Barnett has also mentored social workers over the years as a field instructor. She was chosen to serve on the faculty advisory board for the UCLA School of Public Affairs and was a key organizer of the Troubled Youth in Troubled Times conference hosted by the University of Southern California, which focused on challenging issues and work in the youth development field.
Barnett has been honored by the Los Angeles Commission for Children, Youth and Families with the Angels Over L.A. award and by the City Council of Los Angeles with a Certificate of Tribute for outstanding citizenship and activities enhancing community betterment.
Public Citizen of the Year
Eric Alva is a retired U.S. Marine staff sergeant who has been striving to improve the lives of gay and lesbian citizens who serve in the Armed Forces. Alva made a major commitment when he decided to join in the effort to repeal the U.S. military’s “don’t ask, don’t tell” policy, which prohibits gay or bisexual servicemembers from disclosing his or her sexual orientation or from speaking about any homosexual relationships. While serving on the first day of Operation Iraqi Freedom in 2003, Alva lost his right leg above the knee, part of his index finder and experienced severe damage to his left leg and arm after stepping on a land mine. During his rehabilitation, he decided to spend the rest of his life as an advocate and counselor for the disadvantaged and disenfranchised, according to nominating materials.
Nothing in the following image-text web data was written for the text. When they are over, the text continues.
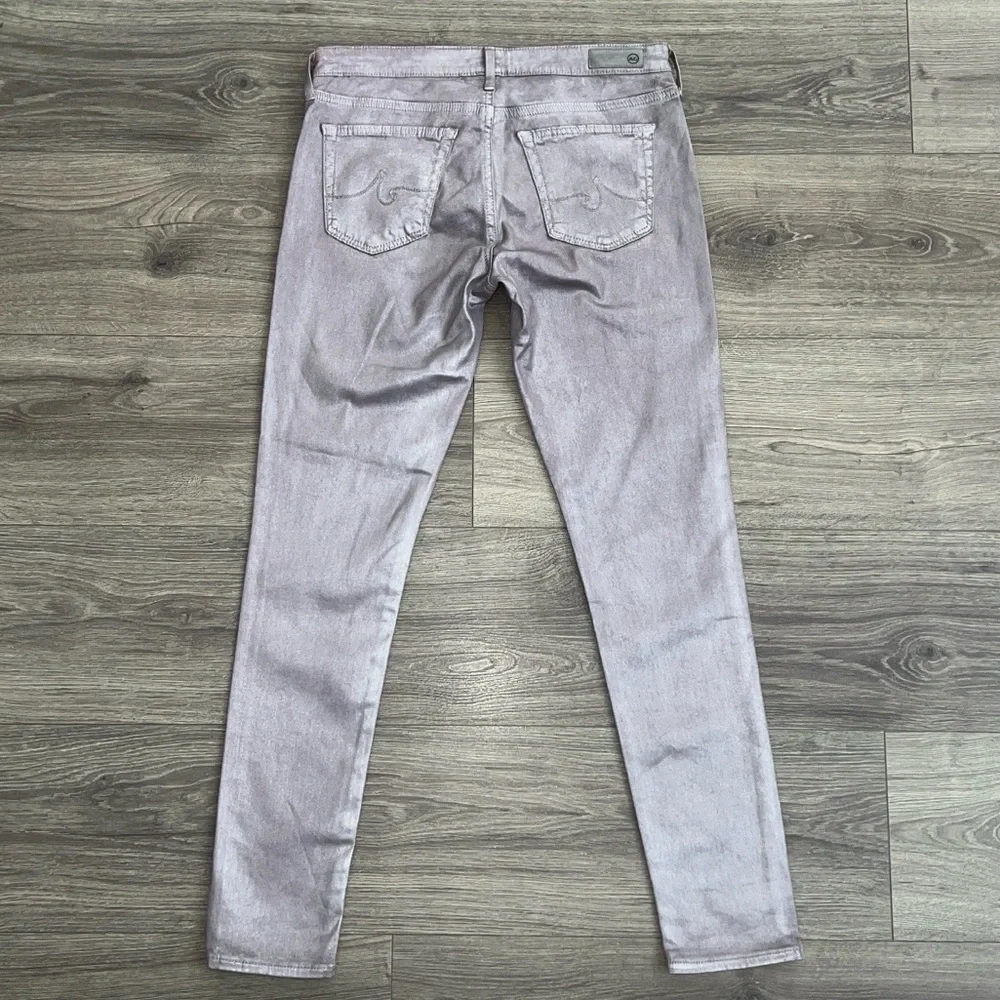 ADRIANO GOLDSCHMIED The Legging Ankle Super Skinny Metallic Pants Size 27 Purple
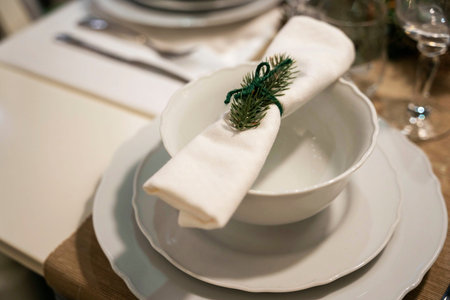 Christmas dinner, white plates and a napkin with a branch of a Christmas tree on the table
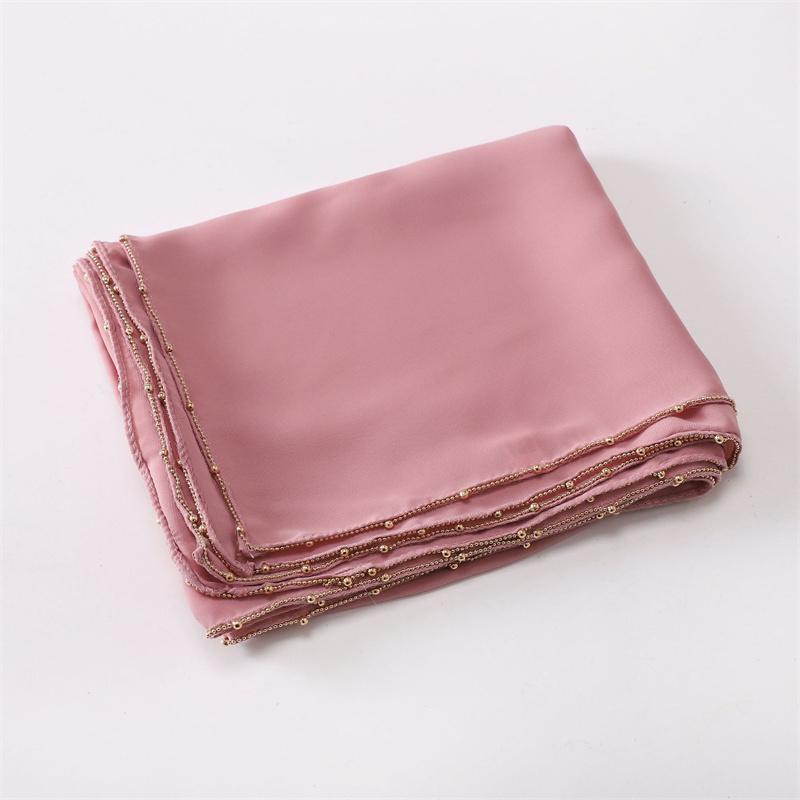 Fashion Necklace Chain Instant Bubble Chiffon Hijab Women Beach Summer Shawl Wrap Solid Muslim Stole Neck Snood 175*70Cm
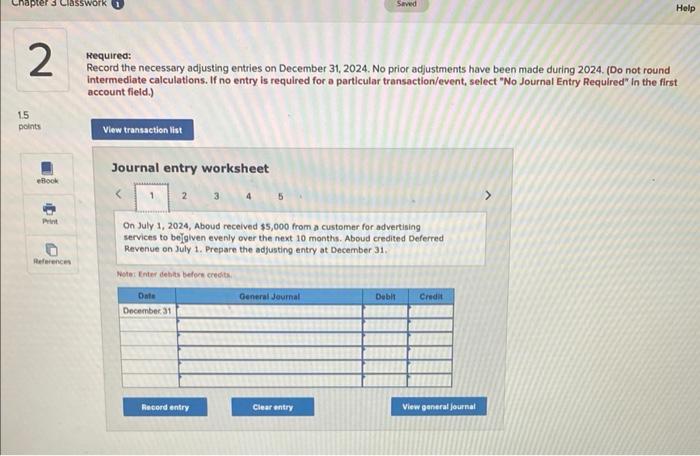 1.5 apter 3 Classwork 2 points eBook Saved Required: Record the necessary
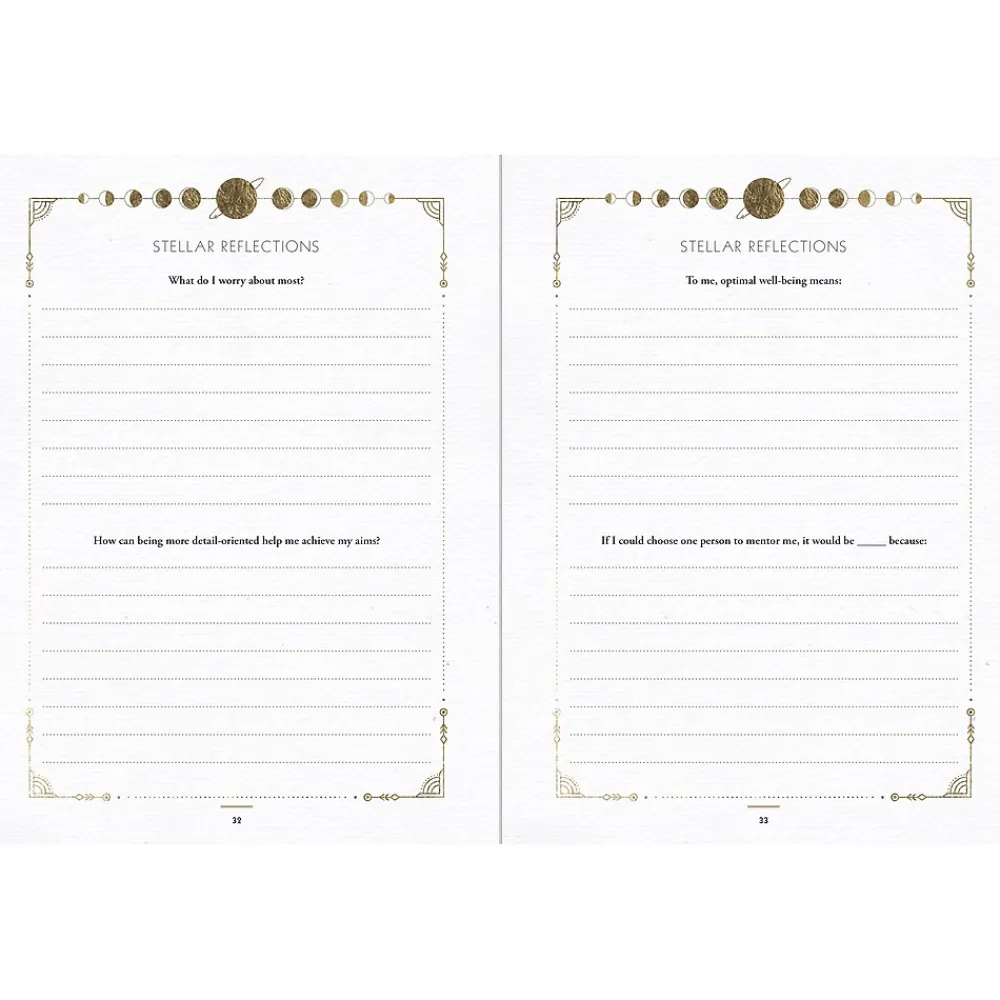 Journals|Quarto Astrological Wellness & Spirituality Guided Journal, Hardcover, 6.27" x 8.25", College Ruled, Purple, 160 Pages
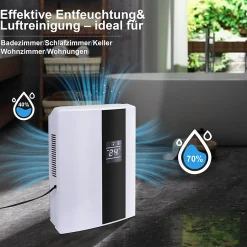 Déshumidificateur 2000 ml avec télécommande, minuterie 24 h, nettoyage UV et mode veille (blanc)><noscript><img width=
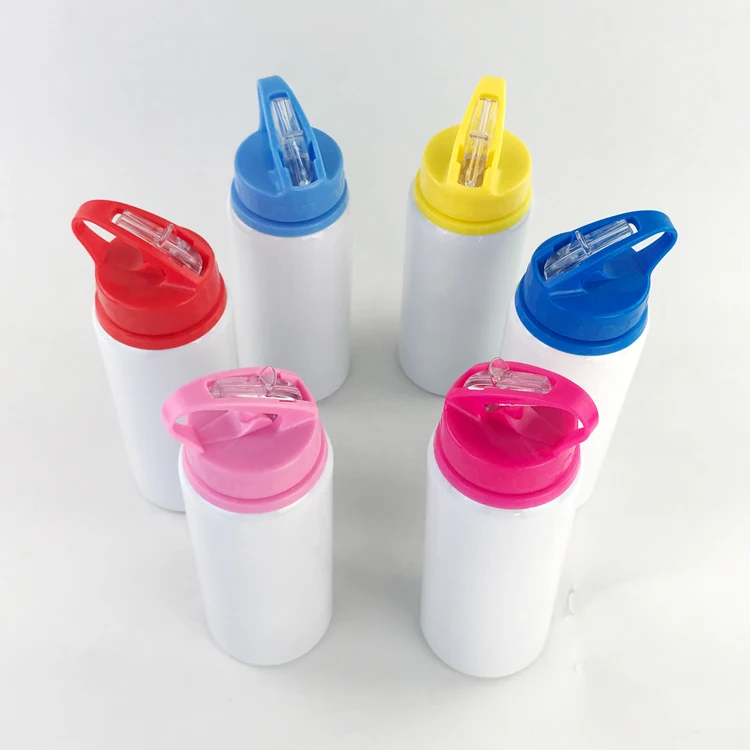 12pcs/lot Sublimation Blank Sports Cup 600ml  Water Bottle Sports Kettle Sport Travel Cup Sippy Cup with Drinking straw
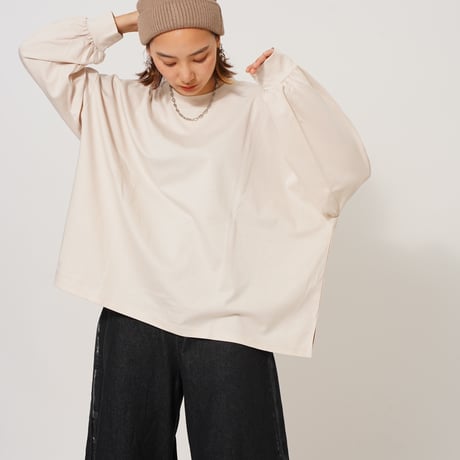 【日本製】simpleタグロングTシャツbeige"CACCA original"
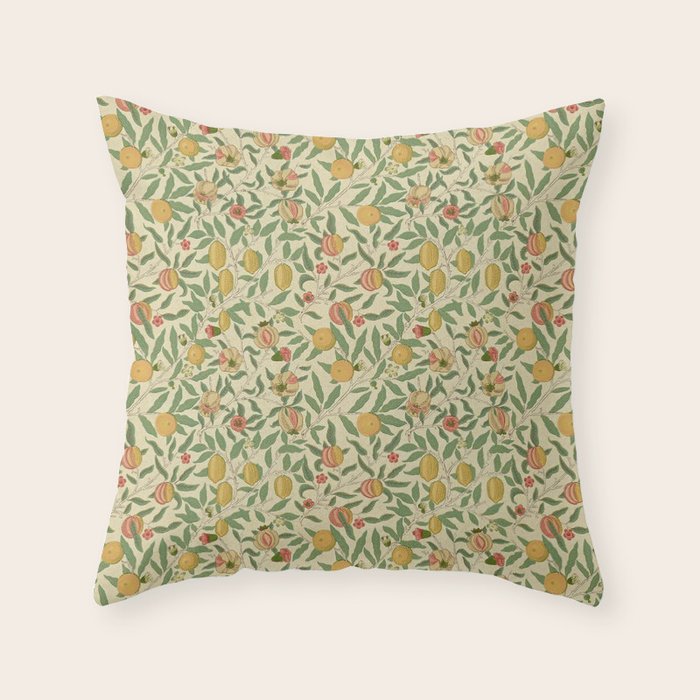 William Morris Pomegranate Fruit Beige Gold Coral Throw Pillow Gallery Image 1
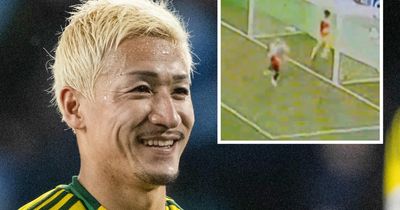 Watch as Celtic star Daizen Maeda suffers hilarious Japan open goal warm-up mishap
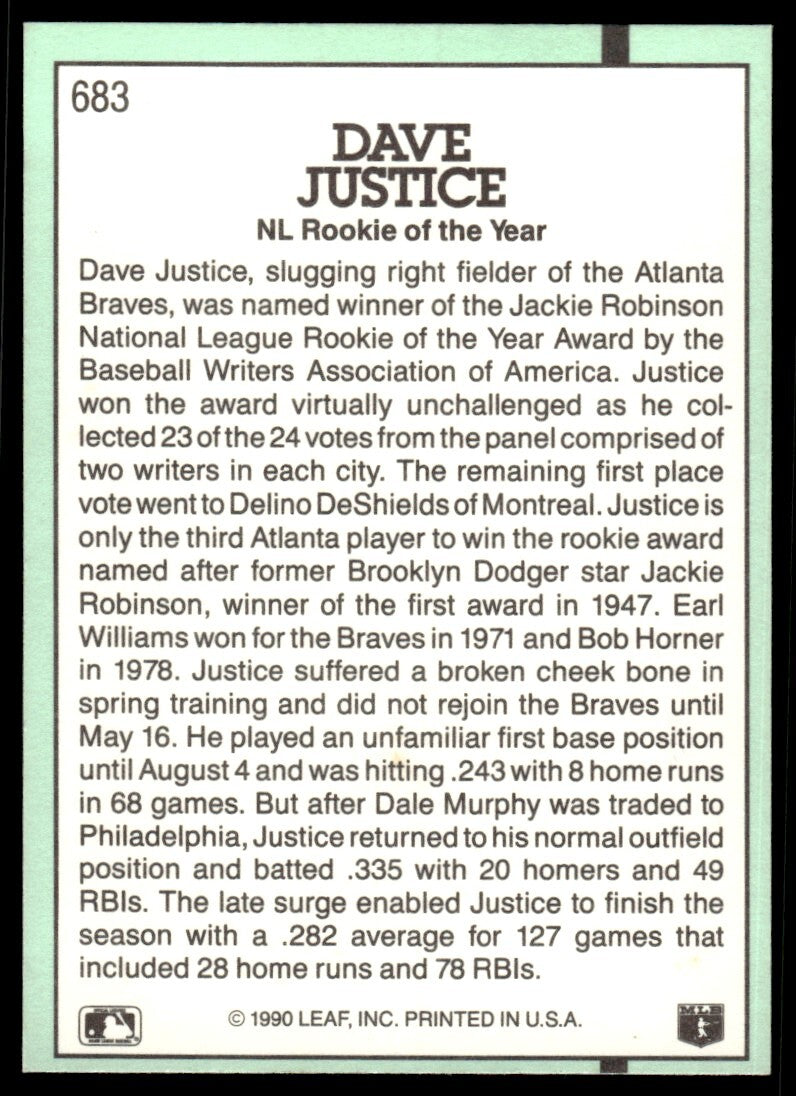1991 Donruss Baseball Card Dave Justice A Atlanta Braves #683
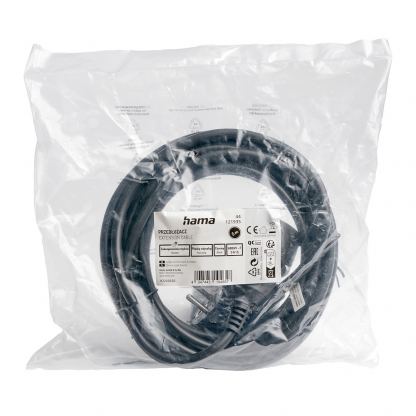Удължителен AC кабел за зареждане на техника и мобилни устройства - Hama Standard Extension Cord 5m (черен) (5 метра) 3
Although Alva was considered a hero to many Americans, if the military had known that he was gay, he would have been discharged under the current policy, said Joe Solomonese, president of the Human Rights Campaign (HRC).
Following his recovery, Alva agreed to publicly disclose his sexuality and donate his time promoting the repeal of “don’t ask, don’t tell,” including testifying on Capitol Hill. Alva earned a bachelor’s degree in social work and is studying for his MSW, according to HRC.
Public Official of the Year
Laura Chick, controller for the city of Los Angeles, has led a massive effort to uncover dysfunctional programs and potential fraud in city government.
An institution that conducts itself openly and honestly is vital to obtain the trust of those it represents, said Adine Forman, director of Government Affairs and Special Projects of Jewish Vocational Services, a community-based organization created to serve adults and youth in its community who are in need of employment and training assistance. Forman said Chick is a worthy example of how critical it is for social workers to play an important role in government.
In nomination materials, social worker Janice McCall said Chick maintains a steadfast commitment to mentorship and leadership, particularly for young professional women. UCLA Associate Professor Alfreda Iglehart said Chick reached out to the UCLA Department of Social Welfare by expressing an active interest in working with social work students.
“She was clearly committed to nurturing future social workers and involving them in public policy,” Iglehart said. Fernando Torres-Gil, acting dean and professor of Social Welfare and Public Policy at UCLA, said Chick has “used her social work training and her values and principles in bringing a new legacy of transparency and honesty to city government.”
NASW national awards recipients will be honored locally.